You may consider surgery if the incontinence problem is caused by a blockage, enlarged prostate or a change in the bladder’s position. During this surgery, the bladder is lifted from the pelvic floor and secured.
If the incontinence issue is serious, the surgeon may use a wide sling to hold the bladder and reduce the urethra’s passage to prevent involuntary leakage. Urge incontinence is best treated by the bladder augmentation surgical procedure, which utilizes part of the bowel to increase the bladder’s capacity to hold more urine.
One procedure implements a small device which is connected to a wire and sends tiny pulses of electricity to the nerves controlling the bladder. The device is inserted just under the skin, so it’s not an extremely invasive procedure.
Medications such as anticholinergics can sometimes help calm an overactive bladder. Mirabegron is used to treat incontinence from severe urges. It relaxes the bladder and also may increase the amount of urine you can hold in your bladder.
Alpha blockers such as Flomax may also be effective for men with urges or overflow issues.
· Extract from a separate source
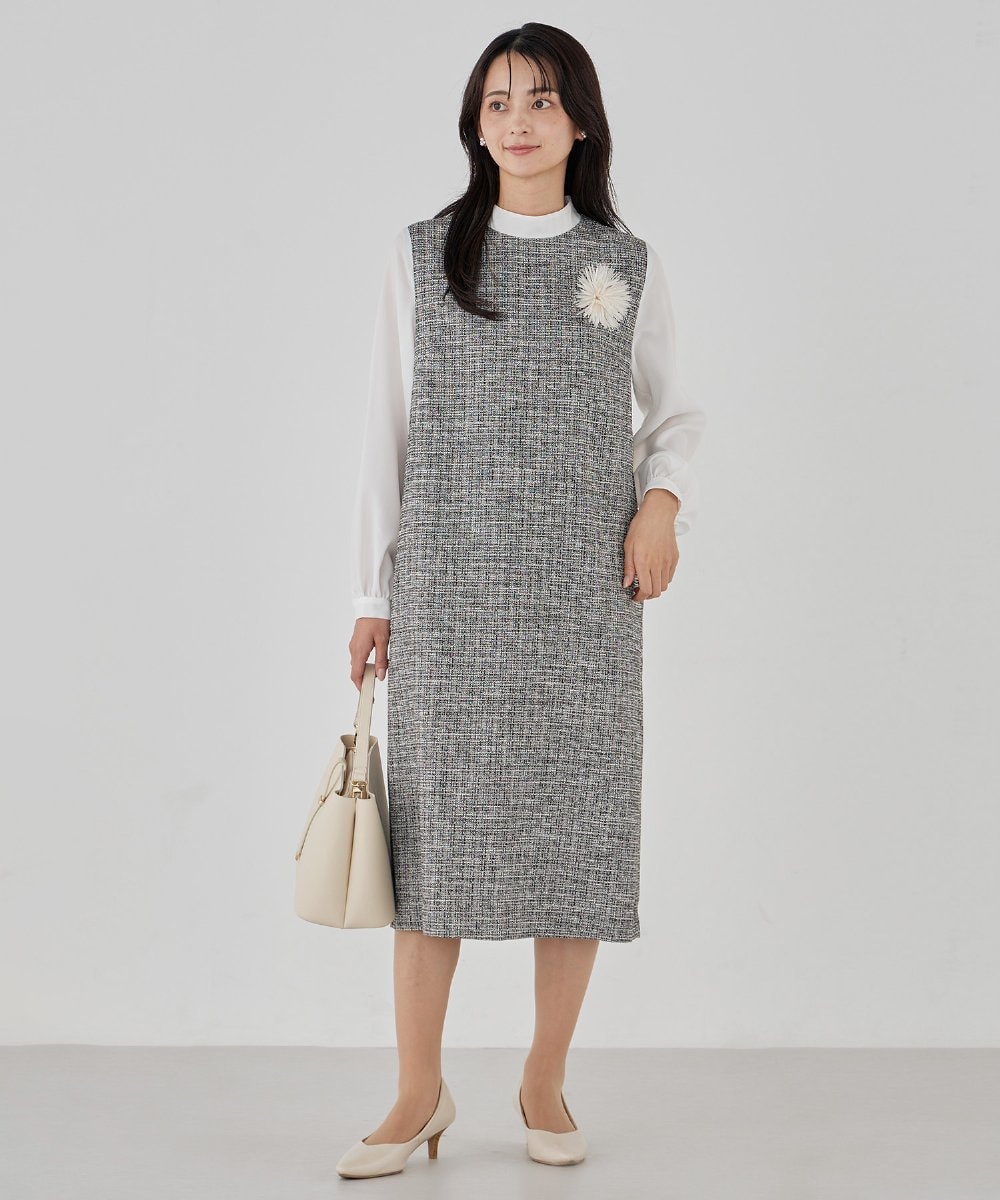 K12CD17029 a.v.v(アー・ヴェ・ヴェ) フェザーフラワーコサージュ アイボリー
They relax the bladder muscles and fibers in the prostate so it’s easier to empty the bladder and empty it more thoroughly.
Topical estrogen may also be a way to rejuvenate the tissues within the urethra and vaginal tract so they’re stronger and more able to resist urinary urges. It’s a topical treatment that comes in the form of a ring, patch or cream.
There are also certain medical treatments you can turn to for help such as Botox (Botulinum toxin type A), which is injected into the bladder muscle to help those with an overactive bladder.
Another injection type – bulking material comprised of synthetic materials – helps to reduce bladder leakage and is non-invasive. The procedure consists of injecting the bulking material into the tissue around the urethra.
If medical treatments and other methods don’t completely get rid of your incontinence issues, turn to products that will help with the inconvenience of a urinary tract problem. The latest designs and materials in pads and other protective garments can be worn with no detection beneath your clothing.
Men can use drip collectors – the absorbent padding which is worn on the penis and kept in place by wearing fitted underwear. Catheters may also be used if your bladder is overactive or you have overflow issues. You simply insert the catheter into the urethra to drain the bladder.
Incontinence issues don’t have to ruin your social life or relationships or make you stop doing the things you love. Much information is available online and through your health care provider. Learn what you can and then make an educated decision about how to deal with a urinary incontinence problem.